KOSDAQ Recovers to 1000-Level After 20 Years
Retail Investor Funds Expected to Reach 130 Trillion Won This Year

Stock and Bond Markets Heated Up by Surging Funds View original image

[Asia Economy Reporters Song Hwajeong and Lee Minji] The KOSDAQ has recovered to the 1000 level for the first time in 20 years. The KOSPI also surpassed the 3200 mark for the first time based on closing prices, continuing the stock market's unstoppable upward momentum. Although concerns have arisen due to the steep rise, continuous inflows of funds through individual investors are pushing the market higher. Not only the stock market but also the bond market is seeing a significant increase in demand as money flows into the market.


According to the Korea Exchange on the 26th, individual investors have net purchased 15.6211 trillion KRW in the domestic stock market so far this year. They bought 13.4465 trillion KRW in the KOSPI and 2.1602 trillion KRW in the KOSDAQ, driving the KOSPI to the 3200 level and the KOSDAQ to the 1000 level. During the same period, foreigners net purchased only 335 billion KRW, while institutions sold off 15.7506 trillion KRW. The strong market was led by individual investors absorbing the selling pressure from institutions.


Investor deposits, which are funds waiting to be invested in the stock market, have also surged sharply this year. Investor deposits increased from 65.5227 trillion KRW at the end of last year to a record high of 74.4559 trillion KRW as of the 12th of this month.

Stock and Bond Markets Heated Up by Surging Funds View original image

There is a forecast that individual investors' waiting funds for the stock market could increase to 130 trillion KRW this year. Kim Dami, a researcher at Shinhan Financial Investment, said, "The abundant liquidity environment and individual waiting funds are expected to firmly support the stock market," adding, "Assuming the growth rate of individual liquidity (M2) is at the average level of interest rate cuts and the ratio of waiting funds to liquidity remains at the current level (7%), the stock market waiting funds could expand to the 130 trillion KRW range by the end of this year."


Considering the situation from 2007 to 2009, when the KOSPI surpassed the 2000 level for the first time in history, individual purchasing power could exceed 200 trillion KRW. Kim Younghwan, a researcher at NH Investment & Securities, said, "During 2007 to 2009, when the KOSPI first crossed 2000 and the public fund craze was underway, the inflow of individual funds into the stock market was very strong," adding, "In 2007, Korean households used 80% of their net savings to buy stocks, and if the same applies this year, individual net purchases could increase to 157 trillion KRW, and if household savings rates rise, it could increase to 204 trillion KRW."

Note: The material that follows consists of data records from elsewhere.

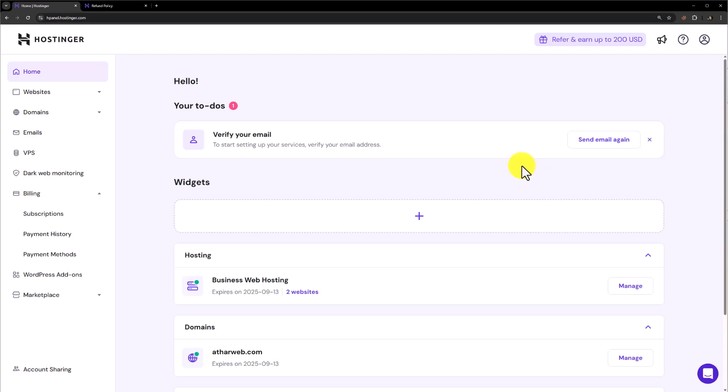Hi everyone, in this video I am going to show you how to refund from Hostinger. So let's see how we can do it.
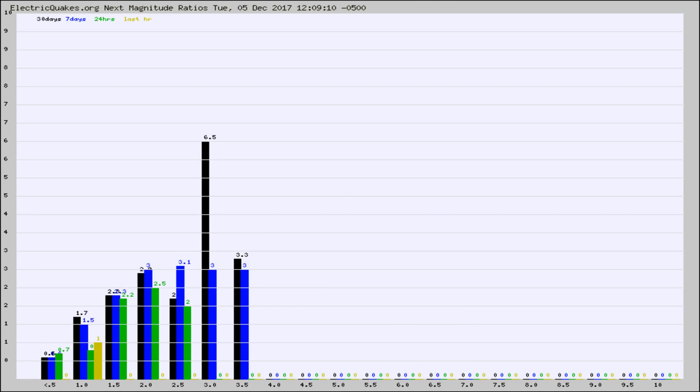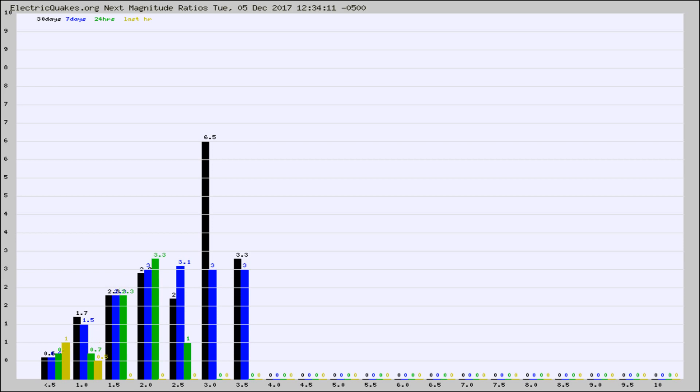And now you're seeing the same thing for just the subset area in California. Again, the black column is 30 days, blue is 7, green is 24 hours, and gold is in the last hour.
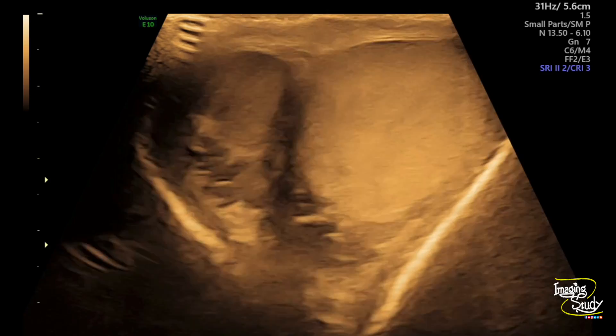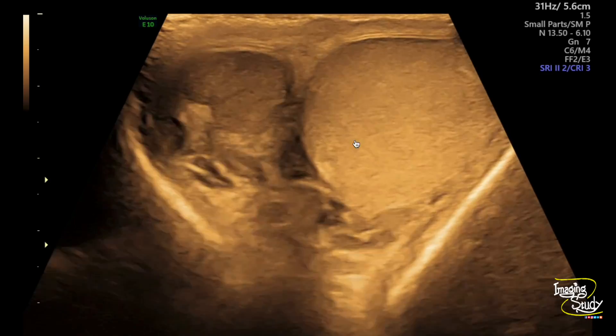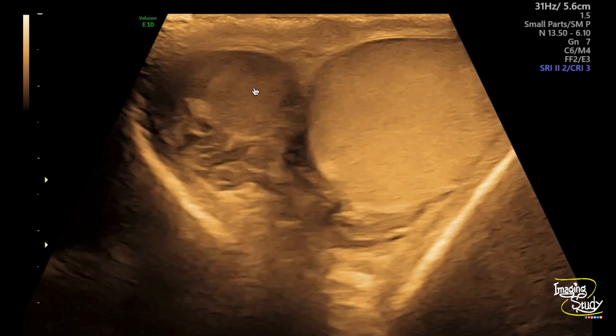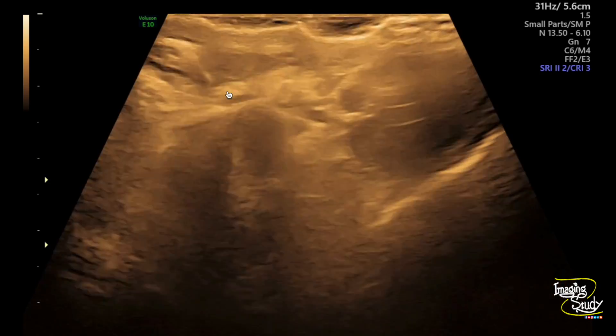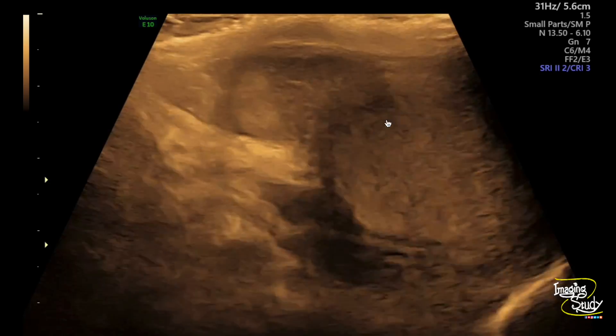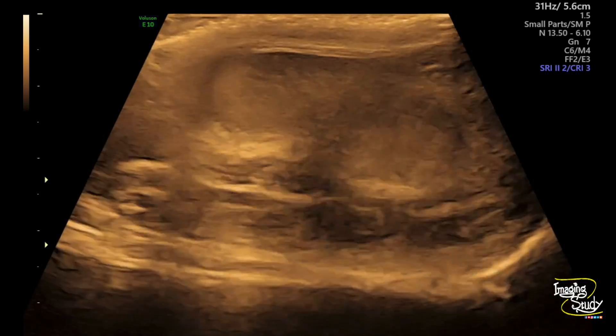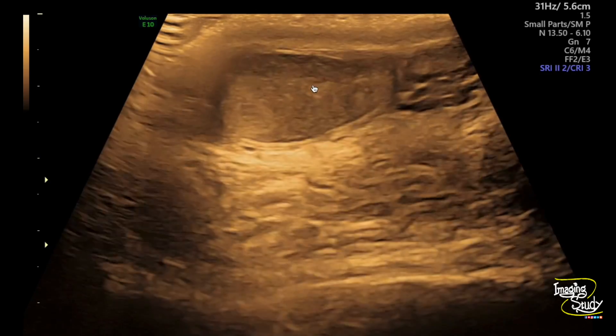Here's the transverse section. You can see the right testis is relatively smaller and heterogeneously hypoechoic in comparison to the normal left one. There is no definite calcification seen here.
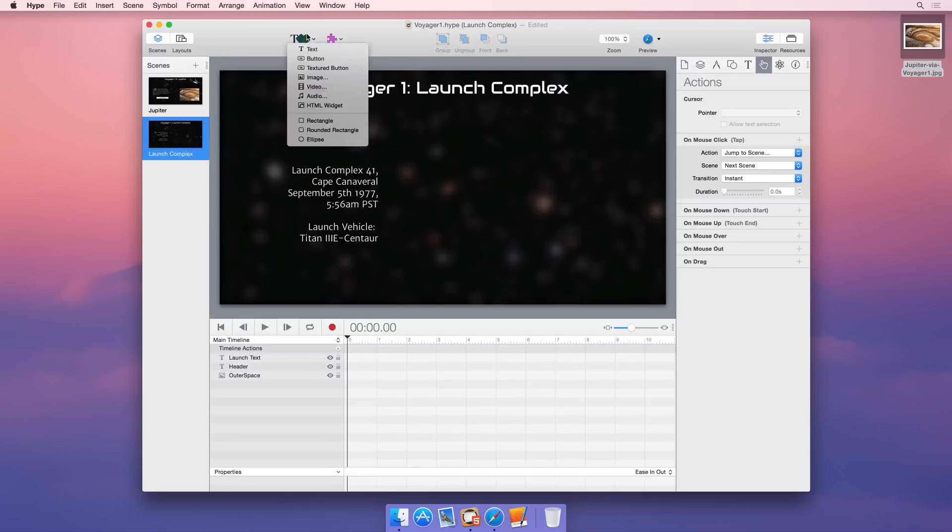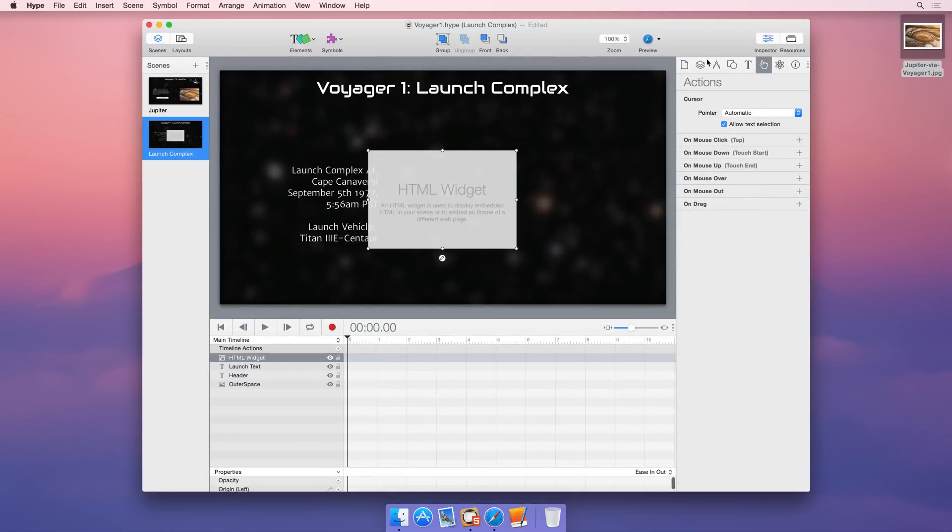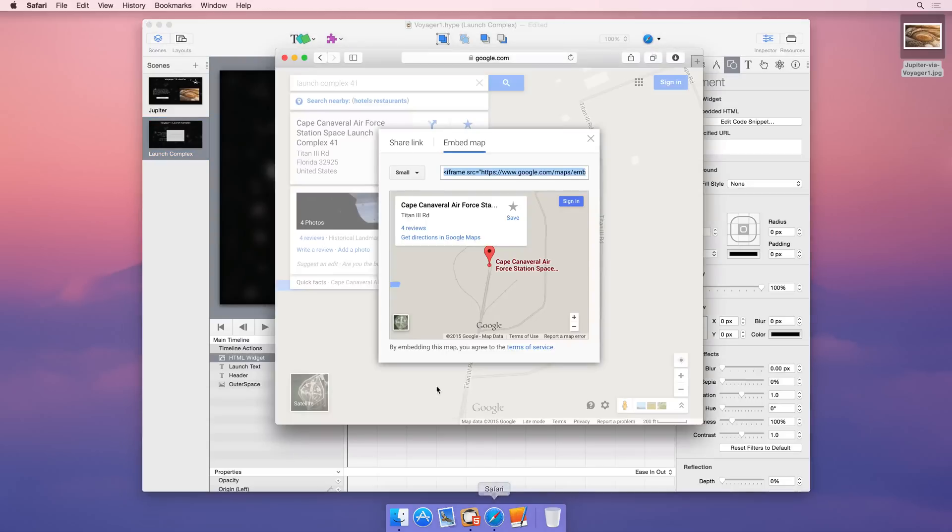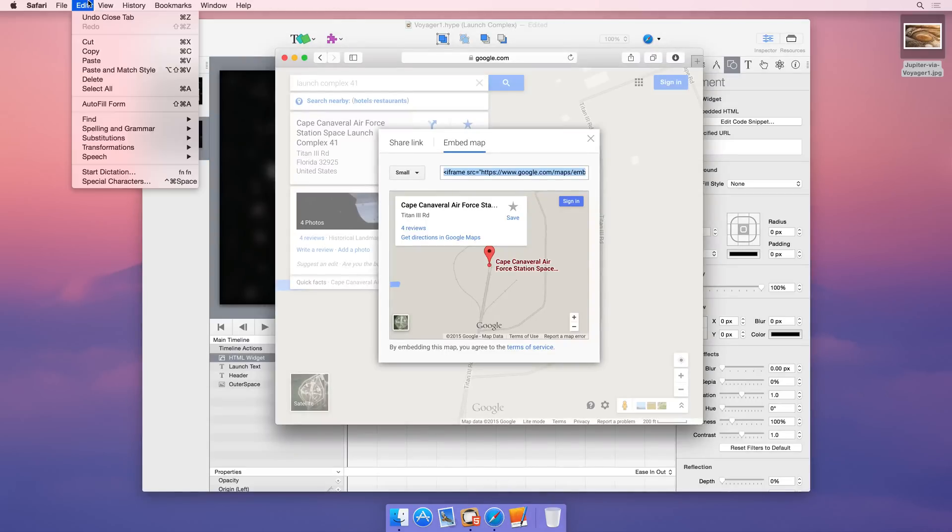Use HTML widgets to embed external content, like maps, directly into your scene. Simply copy and paste your embed code or source URL.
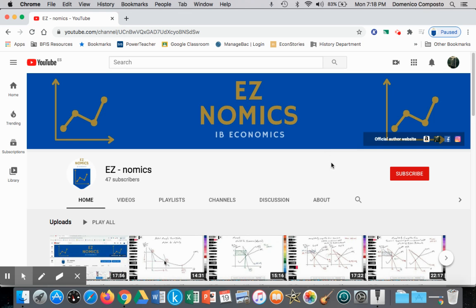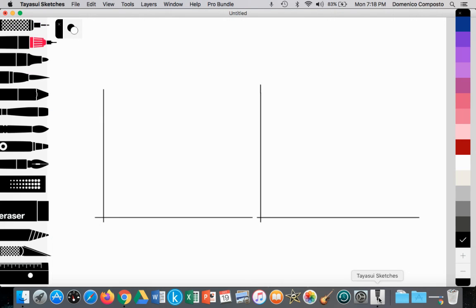Hello, this is Domenico Composta with EZNomics and we're going to go over a microeconomic concept. We'll be taking a look at graphing an example of a non-price determinant — in this case, we'll be graphing and analyzing substitutes.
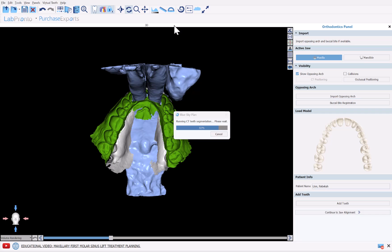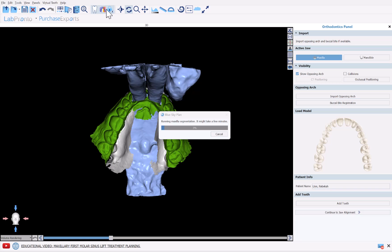Do you want the airway segmentation running with every case? Yes or no. Do you want the bone segmentation running with every case? Yes or no. So you'll be able to set your preferences based on your clinical applications, based on the power of your particular computer, and whatever other considerations you may have. You can see the software has now moved on to running the bone segmentation.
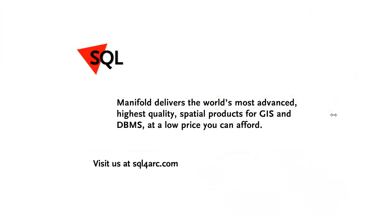Well, that was fun. If you'd like to see more, visit us at sql4arc.com. Remember, Manifold delivers the world's most advanced, highest quality spatial products for GIS and DBMS at a low price that you can afford. Thanks for watching.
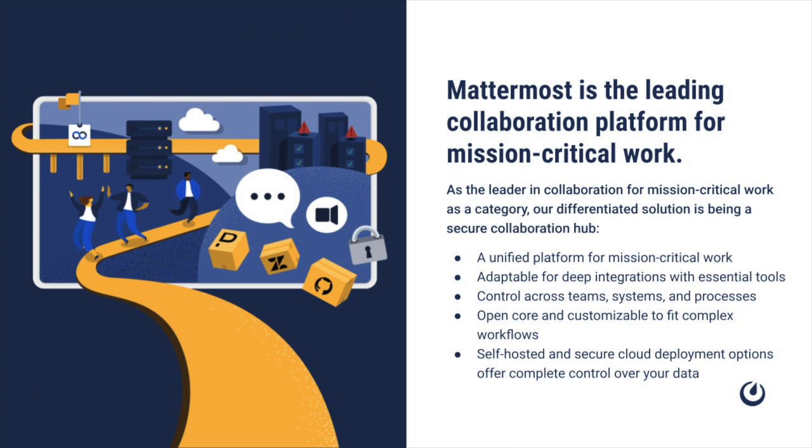In this video we walked through an example of managing a P1 incident using Mattermost playbooks including seeing how this can be enhanced through integration with ServiceNow. I hope this has been useful for you and I look forward to making more videos for you in the future.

Liquidity effects are expected to continue due to economic stimulus measures in various countries. An Soeun, a researcher at IBK Investment & Securities, said, "Individual funds are based on an expansive liquidity environment," adding, "Despite the financial authorities' credit control moves due to concerns about financial imbalances, considering the already large scale of stock market waiting funds, the liquidity effect will continue."


As large-scale funds flow into the stock market amid low interest rates, the domestic stock market continues its record-high rally, and money is also pouring into the bond market, heating up the issuance market.


According to the investment banking (IB) industry, competition to purchase bonds has surged this month. The monthly demand forecast oversubscription rate, which usually stays around 300-400%, rose to 630% this month. January is typically the month when institutions start executing funds and companies actively raise capital. This is the period when the 'early-year effect' appears, with a strong issuance market due to abundant liquidity, but this year this trend is particularly pronounced. Demand from institutional investors aiming to increase interest income (carry) through bond holdings has risen, while the number of companies (issuers) accumulating cash due to lower interest rates has increased.


Hotel Lotte, which conducted a demand forecast last week, increased its issuance limit from 150 billion KRW to 300 billion KRW. Despite negative business outlooks for hotels, 930 billion KRW flowed in for the 150 billion KRW issuance (100 billion KRW for 3-year bonds, 50 billion KRW for 5-year bonds). The effective competition rates were 6.6 times and 5.4 times, respectively. Hyundai Oilbank, which issued green bonds for the first time, also succeeded in attracting 1.3 trillion KRW for a 200 billion KRW issuance, raising the issuance limit to 400 billion KRW.



The expected issuance volume this month is projected to reach 3.9 trillion KRW. The market expects the issuance scale to increase further if companies raise the amount due to successful demand forecasts. Kim Gimyeong, a researcher at Korea Investment & Securities, said, "Compared to April last year, when companies had to issue corporate bonds with the support of the Bond Market Stabilization Fund (Bond Stabilization Fund), the bond market is now stronger," adding, "The improvement in corporate performance and the possibility of fewer corporate rating downgrades in the COVID-19 stabilization phase reduce credit investment risks."


This content was produced with the assistance of AI translation services.